The Yeva has left Bylot Island and is now sailing west through Lancaster Sound.
In a news-filled v-log update, Ella Hibbert has revealed the route she plans to take through the maze of islands and channels that make up the Northwest Passage. She will continue west through Lancaster Sound around Baffin Island's Brodeur Peninsula, turn south through the Gulf of Boothia, and then ride the tides through Bellot Strait, a narrow passage that separates the Canadian mainland to the south from Somerset Island to the north. From there, she will most likely pass south below Victoria Island and into the Beaufort Sea and the North Slope of Alaska. If so, she may currently be at one of the most northerly latitudes of her trip, 74°15' N.
There's more. In Tay Bay on Bylot Island, she saw her first two polar bears. I would be terrified, but Hibbert responded with awe and appreciation, although to be sure she allowed them her preferred anchorage near the beach and dropped anchor elsewhere in the bay. In any event, despite the bears, she had to spend 24 hours in Tay Bay due to wind, rain and snow blowing down Lancaster Sound before more favorable conditions allowed her to finally leave.
More still. She's made a friend up there. In addition to polar bear sightings, while in Tay, Ella met Tamara on the Sardinia 2, who is also attempting a solo trip of her own through the Northwest Passage. Tamara apparently spent last winter on board her ship in Greenland; unlike the Yeva, the Sardinia 2 is not attempting a single-season circumnavigation of the entire Arctic Ocean. This year, the Sardinia 2 was sailing the Passage tandem with a French crew on another boat, but unfortunately the latter is stuck in Pond Inlet with engine trouble.

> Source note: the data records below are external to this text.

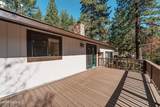 157 Pine Drive - Photo 28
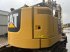 Kettenbagger za tip Sonstige Cat 314E LCR, Gebrauchtmaschine u Venlo (Slika 5)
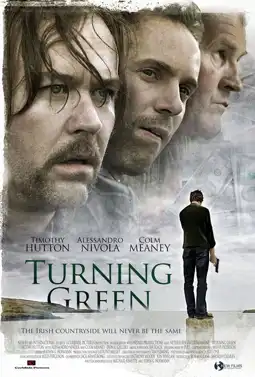 Watch and Download Turning Green 2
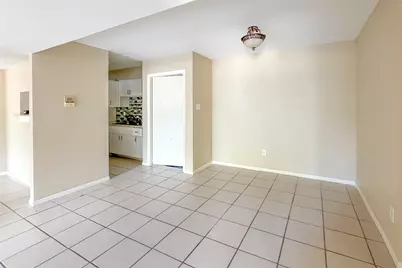8529 Hearth Drive #22, Houston, TX 77054 - Photo 9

It's pretty remarkable that to date, only 12 people have made solo voyages through the Northwest Passage, the same number (as Hibbert points out) that have walked on the moon, and this year, two separate 28-year-old women are both attempting the feat. That, and they ran into each other in the same bay in the vast Canadian wilderness. Ella and Tamara will sail tandem in their separate vessels, still solo sailing but with some company within radio chat range and assistance, if needed, in case of emergency, before going their separate ways in the Beaufort Sea.
Today is Day 60 of the Yeva's voyage. 3,021 nautical miles of 8,850 completed.